Dass ausgerechnet ein Castro-Enkel diese Möglichkeit offensiv anspricht, zeigt, wie weit sich die politischen Koordinaten auf der Insel verschoben haben.
Eine Generation nach der Revolution
Sandro Castro ist nicht Fidel Castro. Das ist banal – und zugleich entscheidend.

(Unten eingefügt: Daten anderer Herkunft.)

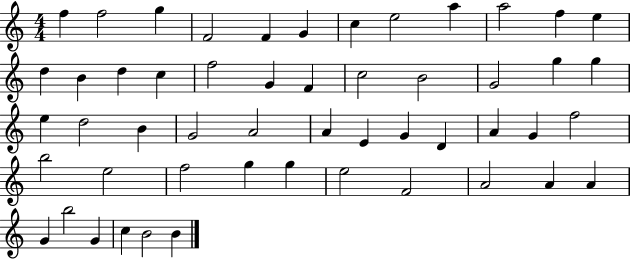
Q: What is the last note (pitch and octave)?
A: B4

Er steht für eine Generation, die:
- die Revolution nicht erlebt hat
- ihre Erzählungen aber geerbt hat
- im Mangel sozialisiert wurde
- zugleich aber längst in digitalen Bildern, Konsumversprechen und globalen Symbolen lebt
Er spricht die Sprache der sozialen Medien, nicht die des Parteitags.
Er argumentiert mit Geschäftsideen, nicht mit Klassenkampf.
Und er weiß, dass in Kuba selbst Provokation oft nur deshalb möglich ist, weil sie von einem privilegierten Nachnamen getragen wird.
Ein privilegierter Kritiker – oder nur ein Symptom?
Ob Sandro Castro ein ernstzunehmender politischer Indikator ist, bleibt offen. Vieles an ihm wirkt kalkuliert, narzisstisch, überzeichnet. Er ist weder Dissident im klassischen Sinn noch Vertreter der alten Macht. Eher eine schillernde Figur dazwischen.
Gerade deshalb ist er interessant.
Denn in seiner Person verdichten sich zentrale Widersprüche des heutigen Kuba:
- revolutionäre Symbolik trifft auf kapitalistische Sehnsucht
- staatlicher Gleichheitsanspruch trifft auf sichtbare Privilegien
- antiimperialistische Rhetorik trifft auf Faszination für Marken, Immobilien und Geschäfte
- politische Kontinuität trifft auf ökonomische Erschöpfung
Sandro Castro ist damit womöglich weniger ein politischer Akteur als ein Spiegel der kubanischen Gegenwart: schrill, widersprüchlich, unerquicklich – und kaum zu ignorieren.
Fazit
Wenn Fidel Castros Enkel sagt, die Mehrheit der Kubaner wolle kapitalistisch sein, dann ist das nicht nur eine Provokation. Es ist auch ein Hinweis darauf, wie weit sich die gesellschaftliche Realität von der offiziellen Ideologie entfernt hat.
Dass dieser Satz ausgerechnet von einem Castro kommt, verleiht ihm eine besondere Ironie.
Denn die Familie, die das Land jahrzehntelang auf sozialistischen Kurs hielt, produziert nun einen Nachfahren, der sich mit Unternehmerpose, Social-Media-Satire und einem möglichen Deal mit Trump in Szene setzt.
Vielleicht ist das keine politische Wende.
Aber es ist ein Symptom.
Und in Kuba sind Symptome manchmal aufschlussreicher als Parolen.